Intel has unveiled a new solid state hard drive based on Flash memory that aims to provide a low cost alternative to mechanical hard drives.
The Z-U130 is currently shipping in 1GB and 2GB models, and the company is scheduled to add 4GB and 8GB versions in the coming months.
Models with capacities of 20GB and 40GB are slated for release by the second half of this year, followed by 80GB and 160GB versions next year.
The units are attached to computers through USB 1.1 and USB 2.0 connectors which in most cases will be integrated on the motherboard.
The low capacity drives target inexpensive desktop and notebook computers as well as systems for emerging markets such as Intel's Classmate PC, according to Peter Hazan, a marketing manager with Intel.
"The intention is to drive to the lowest cost with good enough capacity," said Hazan during a meeting with reporters at Intel's corporate headquarters last week.
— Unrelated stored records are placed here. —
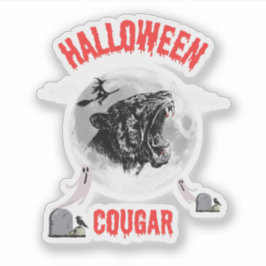 american cougar on halloween night with crows シール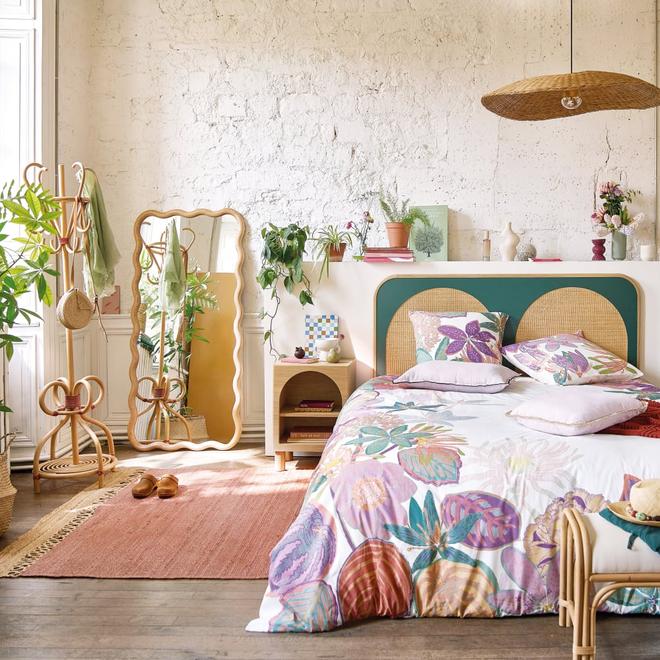 Parure de lit en coton écru imprimé floral multicolore 240x260 für 129 CHF in Maisons du Monde
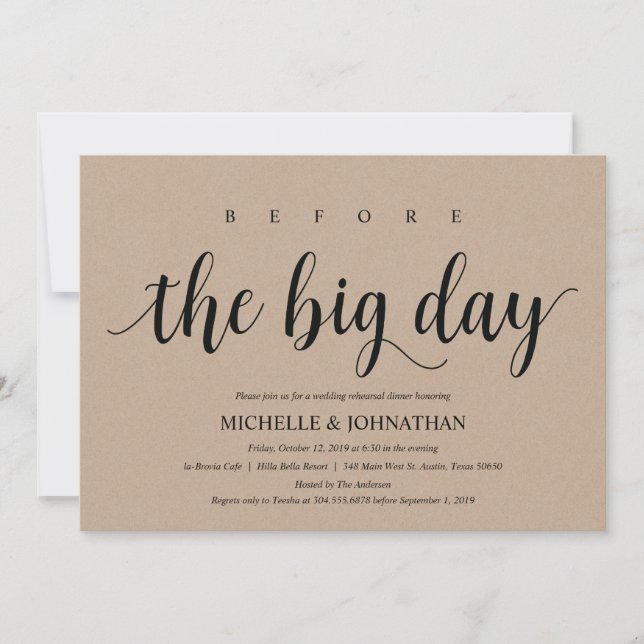 Rustic Kraft Wedding Rehearsal Dinner Invites (Front)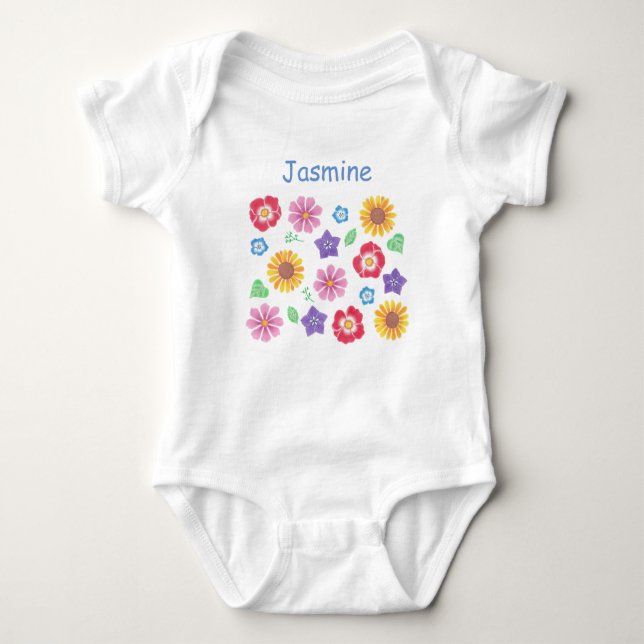 Cute Flower Garden Soft Colors Baby Bodysuit (Front)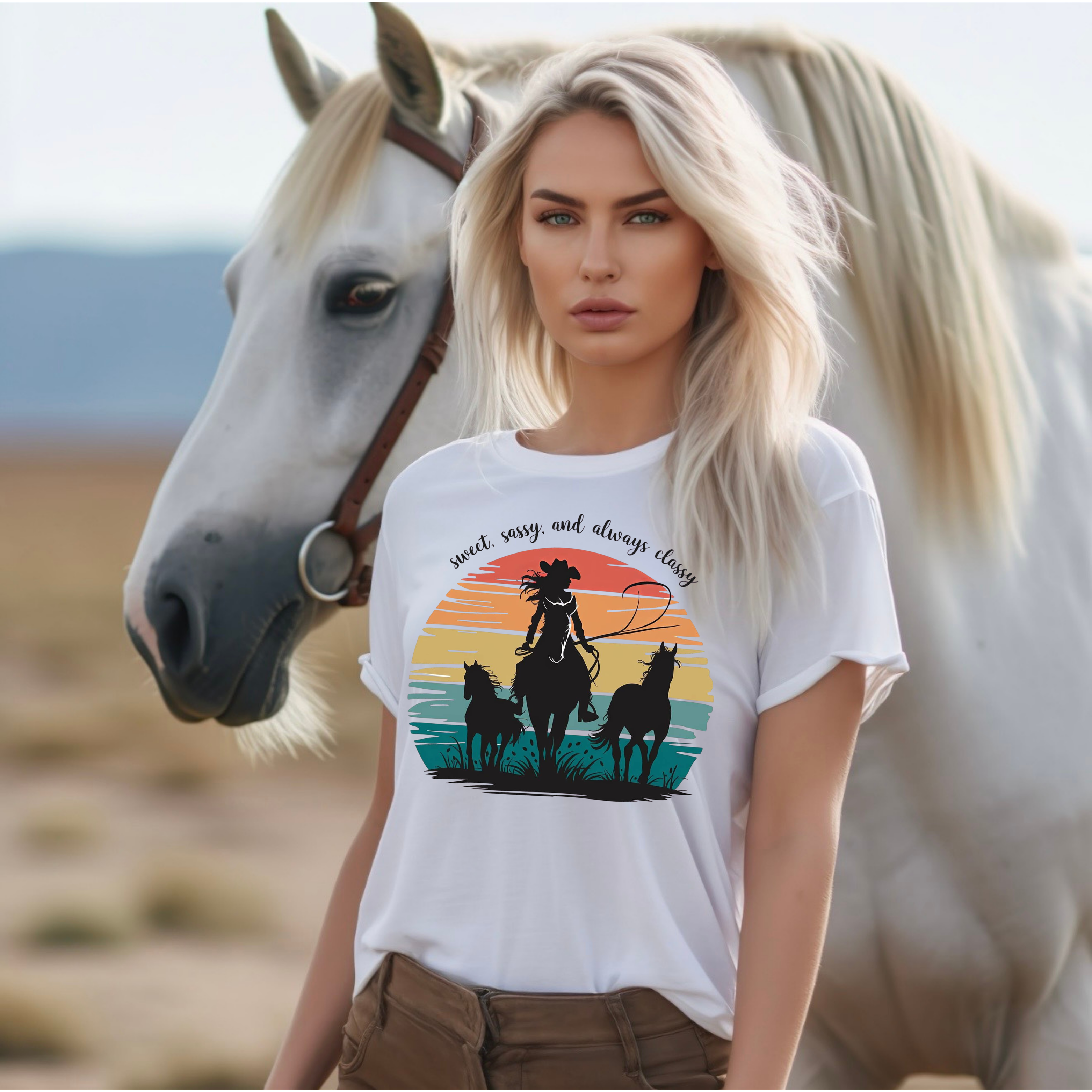 Sweet, Sassy & Always Classy Cowgirl Sunset Graphic Tee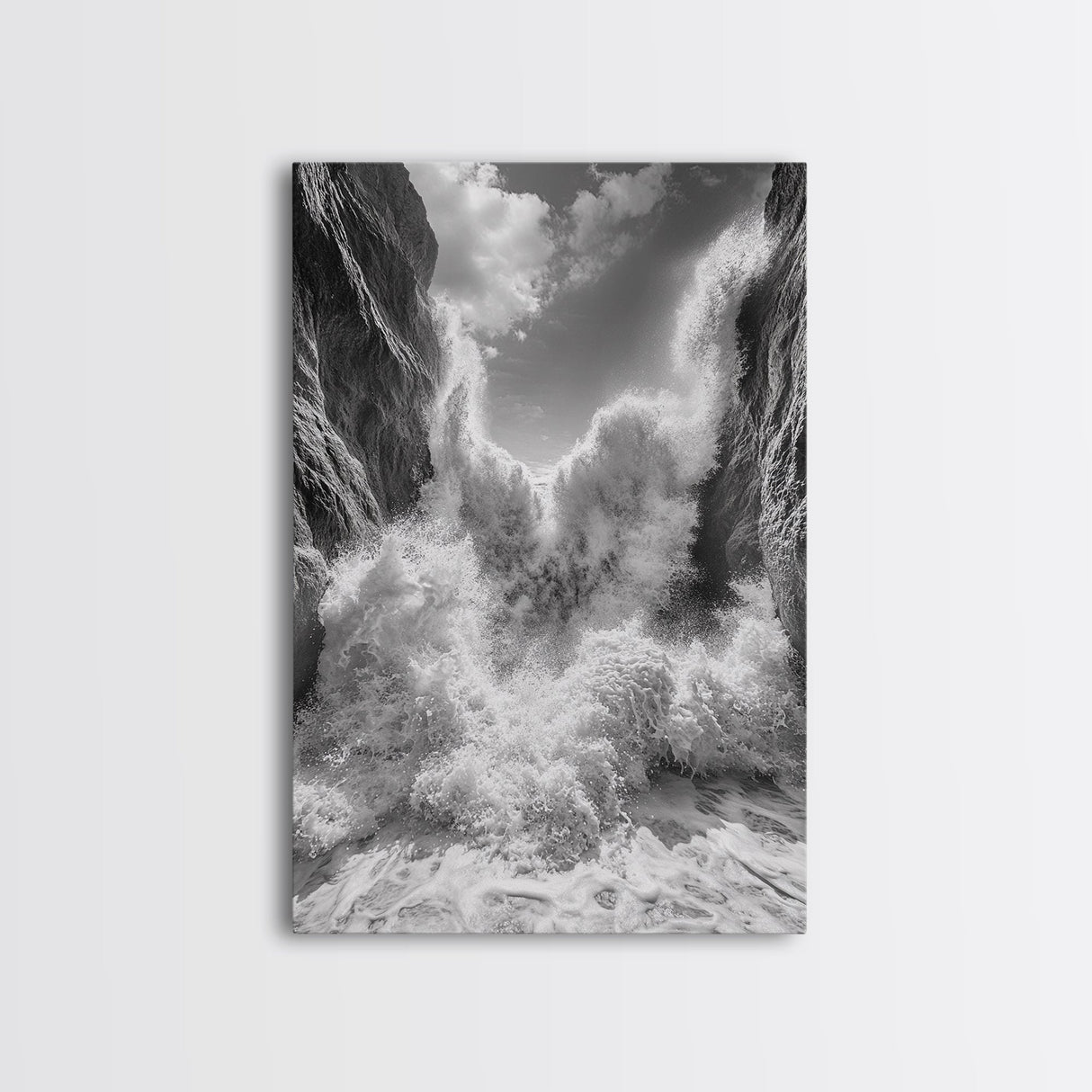 Ocean Splash, Cliff Waves, Nature Power, Dramatic Seascape, Framed Canvas Print, Living Room Statement, Black and White Wall Art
"If your application requires 8GB or less [a solid state hard drive] can deliver that at a bill of materials that is lower than a hard disk drive."
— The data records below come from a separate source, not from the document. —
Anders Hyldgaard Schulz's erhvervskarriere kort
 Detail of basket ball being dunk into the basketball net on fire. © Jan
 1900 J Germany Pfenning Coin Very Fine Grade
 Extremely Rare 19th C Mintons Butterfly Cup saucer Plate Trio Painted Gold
Flash memory on average performs at twice the speed of a mechanical hard drive and consumes about half the power, Intel claimed.
Traditional hard drives also have a higher chance of breaking because they contain moving parts, and can make noise when spinning.
Intel's Classmate PC targets students in developing nations, and will be one of the first devices to use the chipmaker's solid state hard drive.
A Linux powered model will be equipped with a 1GB drive, and the Windows XP version is powered by a 2GB version.
At an estimated price of $300 per unit, the notebook computer is considered a direct competitor to the One Laptop Per Child notebook computer, which runs on a special version of Linux stored on 512MB of Flash memory.
Intel expects the solid state drives to show up in low cost desktop systems as well as embedded applications such as routers and point-of-sale terminals.
As chip sizes continue to shrink, Flash memory will increasingly march on the territory of hard drives. Hard drives furthermore have fixed components such as the casing and reader which cannot be reduced.
Intel predicts that a 4GB solid state Flash drive will become less expensive than a 1.8in mechanical hard drive in the first half of this year. The costs are scheduled to surpass those of 2.5in drives by the end of this year.
The 8GB model will break even by late 2008 for the 1.8in drives and mid-2009 for the 2.5in versions. Small 1.8in drives are used in portable consumer electronics such as Apple's iPod. The 2.5in models are commonly used in notebook computers.
But whereas the Intel drive is designed to reduce the physical size of the storage unit and requires a special connector not commonly found in mainstream systems, SanDisk offers a drop-in device that can be connected to a notebook's regular hard drive port.